I got tagged by Michelle and Hilary to roar about myself, inspired by Clueless But Hopeful's original roaring post. But dude, I cannot summon up any roaring power today. I feel weak and tired and like a kind of lousy mom today, so... We'll table that for a while! Instead I will complain.
This pregnancy so far, like Eli's, is leaving me both queasy and ravenously hungry, which is a sucky combination. I end up eating all morning long to squelch the hungry nausea, but then if I eat the wrong thing I get the Nausea nausea, so then I have to eat something that's Right to try to fix it. Right being salty. I am all about the salty right now. I ate buttered toast for breakfast (which was yuck) then had a frozen burrito for a SNACK, and am now eating a big pile of tater tots because I am still hungry/shaky/nauseous.
All of this food foraging and rejecting is taking up a big chunk of morning time, so I feel like I get nothing done until about noon, especially since I've given up my morning drug, er, coffee ('cause now it's also YUCK.) And then I'm ready for a nice nap by about two, so you can imagine all the fun and enriching activities the kids and I are doing.
Also, WATER is making me nauseous, but I'm really thirsty all the time (see: massive salt consumption.) So I guess I need some Gatorade or something?
I'm finding myself very displeased with my belly this time around. With Addy my stomach was pretty flat to start with, so all that poked out was, you know, BABY belly, around twelve weeks. With Eli I had a tiny little pouch leftover from Addy's pregnancy, so there was a bit of chub that started popping out before the actual uterus bump began to appear. THIS time, I have a fairly significant, stretch-marked fat pocket right over my uterus from Eli's pregnancy, when I gained (blergh blergh mumble) pounds. So all that early pregnancy bloat is just making this fat pouch pop RIGHT out, a nice big gut, and nothing at all approaching the cute baby bump I remember from my first pregnancy. There's nothing sweet about lovingly stroking what appears to be an inner tube of fat. Humph.
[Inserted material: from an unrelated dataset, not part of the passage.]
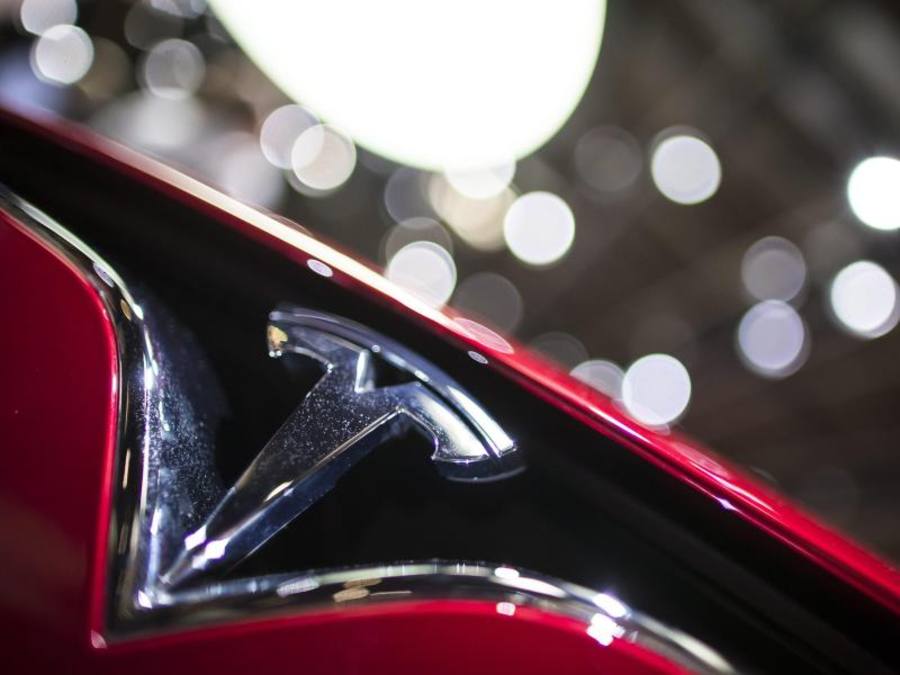 Tesla-Fahrzeug auf der Paris Motor Show: Derzeit ist ein Wettlauf um die Entwicklung von Technologie für autonome Fahrzeuge entbrannt, die das Geschäft der Branche umkrempeln dürften. Foto: Ian Langsdon/Archiv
Jim's soccer team won their first game last night, and I was really excited, but then I just randomly started crying about stupid stuff that I couldn't even explain. We were talking and I kept sniffling but trying to keep The Crying at bay, and then I was all, "Oh crap, I think I have to CRY!" Kind of like when you warn someone you have to puke. Step back, folks, it's going to be a gusher.
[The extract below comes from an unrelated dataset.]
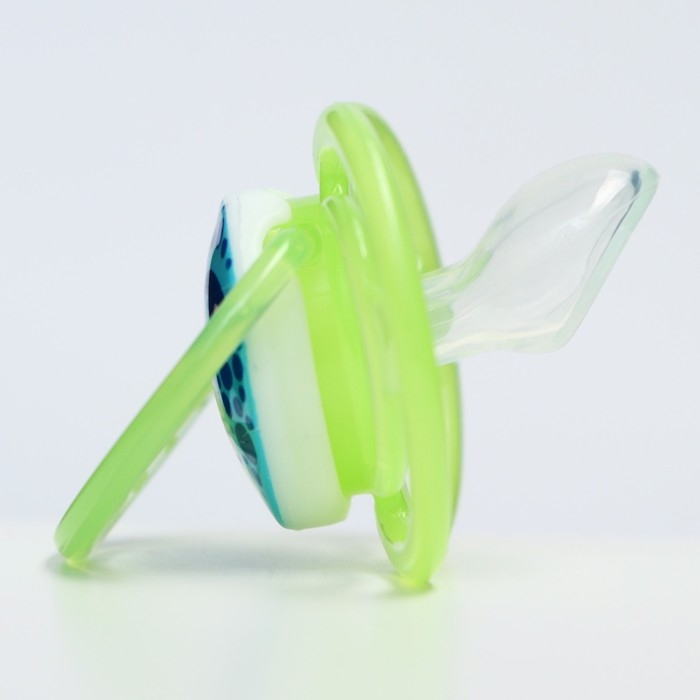 Соска - пустышка силиконовая ортодонтическая «Собачка», от 6 мес., цвет зеленый Соска - пустышка силиконовая ортодонтическая «Собачка», от 6 мес., цвет зеленый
All this and I still feel pretty uneasy that I'm "really" pregnant. Sure, my progesterone went up, but... the hcg hadn't doubled, and the progesterone is still technically low, just not quite as worryingly low as before. I'm just not going to feel safe that this is real until I see a heartbeat next Tuesday. So until then, I'll just feel kind of fat and sick and grumpy I guess!